A data scientist is someone who works to identify useful data sources and automate information gathering, find patterns and trends in massive datasets in order to gain insights. They use algorithms and data models to forecast outcomes. The majority of data scientists have a technical background (CS/IT). They work with data analysis tools such as Python, R, SQL, Power BI and others. Machine learning algorithms are also used in their operations. Data scientists invest more time and effort towards constructing predictive models, developing analytical approaches, and incorporating complex programming in order to find answers.

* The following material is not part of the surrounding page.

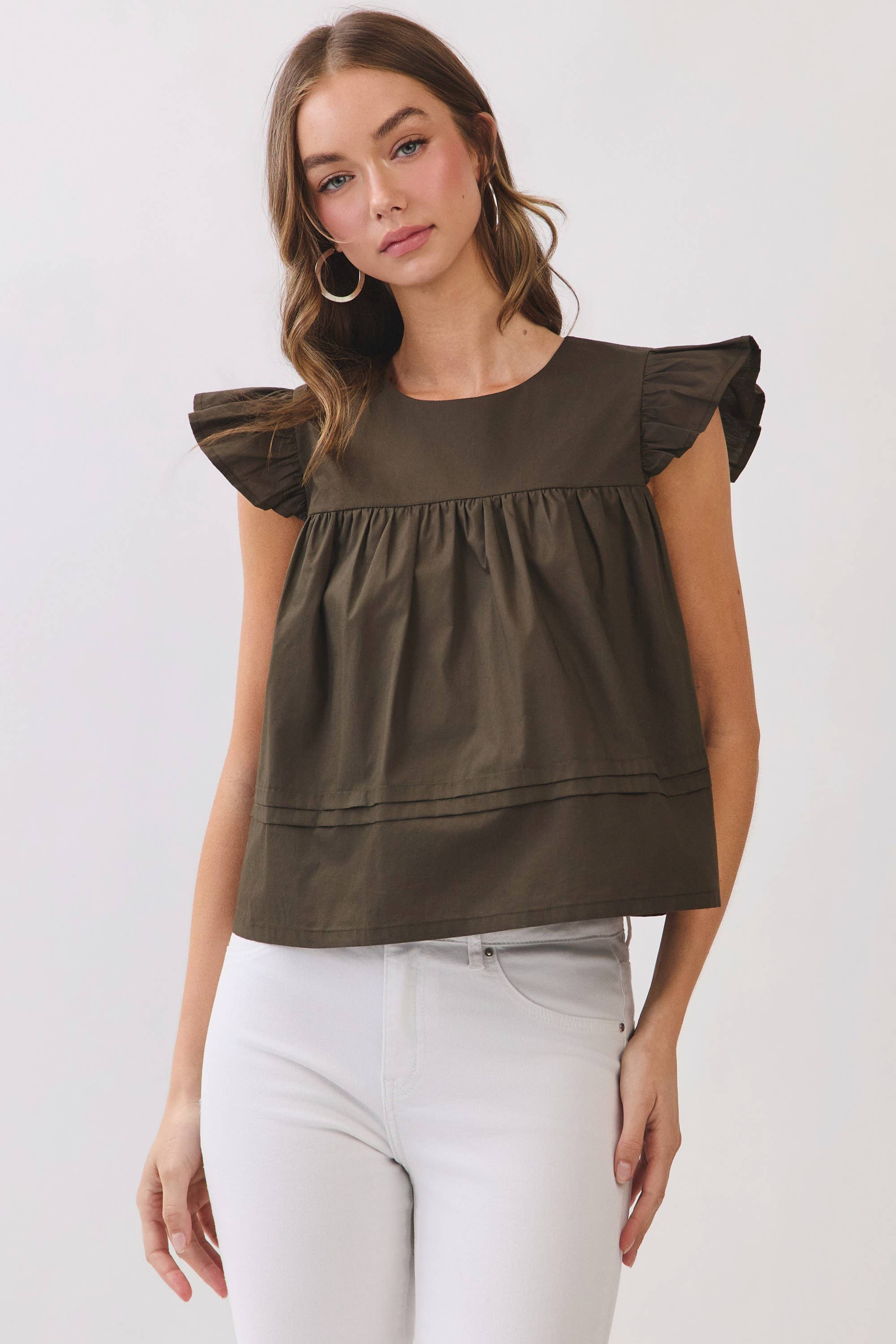 TCEC CT10115-Ruffle Sleeve Button Back Babydoll Top OLIVE
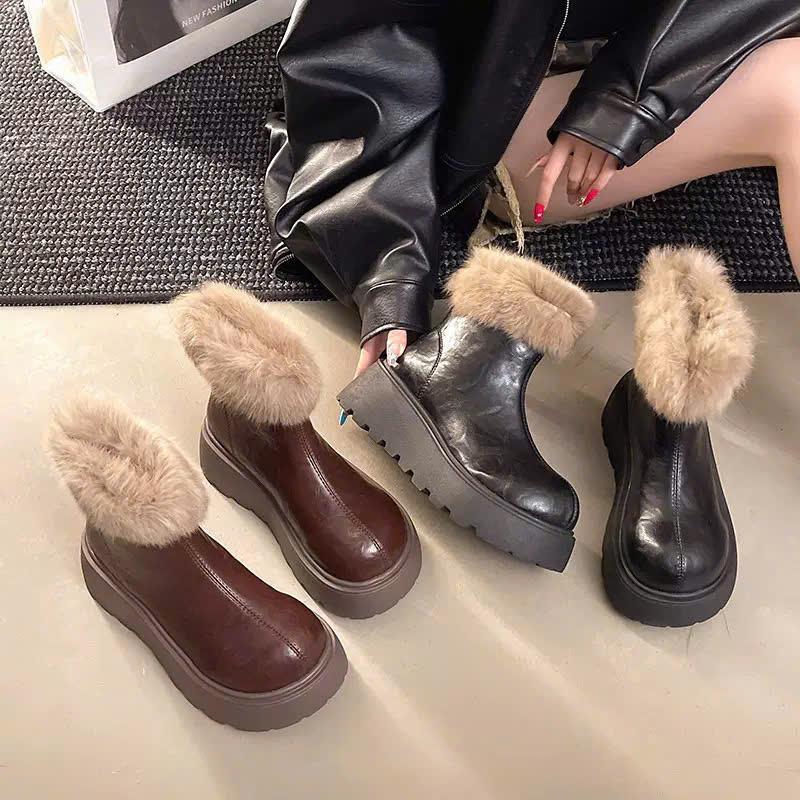 รองเท้าบูทผู้หญิงคอปกขนสัตว์สุดอบอุ่น - พื้นบุนวมนุ่ม - ขนาด 36–40 – 2 สี-MSP ยาว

Database administrators deal with creating and maintaining databases as per their company’s requirements. Basically, they know their way around databases. They protect sensitive data and allow access to key databases for enterprises, institutions, and so on. In addition, they diagnose, backup, and restore database sets as well as system access. They also modify and integrate outdated apps to to use the most up-to-date technology. Database administrators use a variety of tools such as MySQL, SQL Server Management Studio, DevOps, ESM Tools, Oracle RDBMS and others to help them do their everyday work.
Machine learning engineers design systems that allow computers to learn and make predictions without the need for human intervention. This covers facial recognition software, speech recognition software, and other similar systems. They begin by preparing and cleaning data. After that they will choose a model to apply with the data. That model will automatically deliver a variety of recommendations based on trends discovered. Data pipelines are also maintained, created, and streamlined by ML Engineers. ML Engineers use a variety of tools such as TensorFlow, PyTorch, Scikit-learn, XGBoost, LightGBM and others to help them do their everyday work.
Data architects work with data frameworks to conceptualize and visualize them. They help in the identification of data harvesting sources in accordance with the data strategy. They also plan and manage end-to-end data architecture, as well as maintain database systems and ensure that they run smoothly and efficiently. Data architects use a variety of tools such as Draw.io, Lucidchart, Amundsen, DbSchema, Navicat Data modeler and others to help them do their everyday work.